> **REQUIRED WORK**
Word for word, restate the entries below from their first line through the line that contains "沈陽(yáng)私密整形去哪家好？專家推薦排行榜2023".

> **DATA FOR THIS EXERCISE**
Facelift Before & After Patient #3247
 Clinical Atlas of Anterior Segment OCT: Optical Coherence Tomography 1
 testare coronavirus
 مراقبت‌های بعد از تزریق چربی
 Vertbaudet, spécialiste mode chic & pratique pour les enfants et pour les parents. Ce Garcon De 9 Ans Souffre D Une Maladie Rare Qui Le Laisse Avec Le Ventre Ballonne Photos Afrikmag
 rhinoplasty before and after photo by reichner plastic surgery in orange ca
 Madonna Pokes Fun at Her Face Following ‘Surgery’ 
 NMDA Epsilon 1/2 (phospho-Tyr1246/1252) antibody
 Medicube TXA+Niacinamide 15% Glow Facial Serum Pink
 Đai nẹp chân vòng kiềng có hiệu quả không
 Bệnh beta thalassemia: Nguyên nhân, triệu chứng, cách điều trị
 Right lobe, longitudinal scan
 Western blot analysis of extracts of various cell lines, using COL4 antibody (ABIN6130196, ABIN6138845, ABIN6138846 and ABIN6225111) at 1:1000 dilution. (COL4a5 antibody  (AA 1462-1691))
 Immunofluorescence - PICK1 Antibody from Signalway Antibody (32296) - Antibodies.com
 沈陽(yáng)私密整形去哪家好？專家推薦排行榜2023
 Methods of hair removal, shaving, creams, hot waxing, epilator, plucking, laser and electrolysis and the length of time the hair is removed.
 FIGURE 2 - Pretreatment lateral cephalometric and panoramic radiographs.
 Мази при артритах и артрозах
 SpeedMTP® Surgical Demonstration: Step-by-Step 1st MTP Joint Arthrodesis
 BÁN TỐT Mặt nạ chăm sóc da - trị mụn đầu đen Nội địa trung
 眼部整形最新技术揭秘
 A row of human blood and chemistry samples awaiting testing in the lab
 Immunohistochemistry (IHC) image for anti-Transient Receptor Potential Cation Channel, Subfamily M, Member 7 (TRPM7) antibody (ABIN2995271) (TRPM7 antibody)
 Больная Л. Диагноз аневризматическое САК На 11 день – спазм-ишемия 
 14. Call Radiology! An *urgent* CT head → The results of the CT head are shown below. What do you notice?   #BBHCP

> **TASK ANSWER**
Facelift Before & After Patient #3247
 Clinical Atlas of Anterior Segment OCT: Optical Coherence Tomography 1
 testare coronavirus
 مراقبت‌های بعد از تزریق چربی
 Vertbaudet, spécialiste mode chic & pratique pour les enfants et pour les parents. Ce Garcon De 9 Ans Souffre D Une Maladie Rare Qui Le Laisse Avec Le Ventre Ballonne Photos Afrikmag
 rhinoplasty before and after photo by reichner plastic surgery in orange ca
 Madonna Pokes Fun at Her Face Following ‘Surgery’ 
 NMDA Epsilon 1/2 (phospho-Tyr1246/1252) antibody
 Medicube TXA+Niacinamide 15% Glow Facial Serum Pink
 Đai nẹp chân vòng kiềng có hiệu quả không
 Bệnh beta thalassemia: Nguyên nhân, triệu chứng, cách điều trị
 Right lobe, longitudinal scan
 Western blot analysis of extracts of various cell lines, using COL4 antibody (ABIN6130196, ABIN6138845, ABIN6138846 and ABIN6225111) at 1:1000 dilution. (COL4a5 antibody  (AA 1462-1691))
 Immunofluorescence - PICK1 Antibody from Signalway Antibody (32296) - Antibodies.com
 沈陽(yáng)私密整形去哪家好？專家推薦排行榜2023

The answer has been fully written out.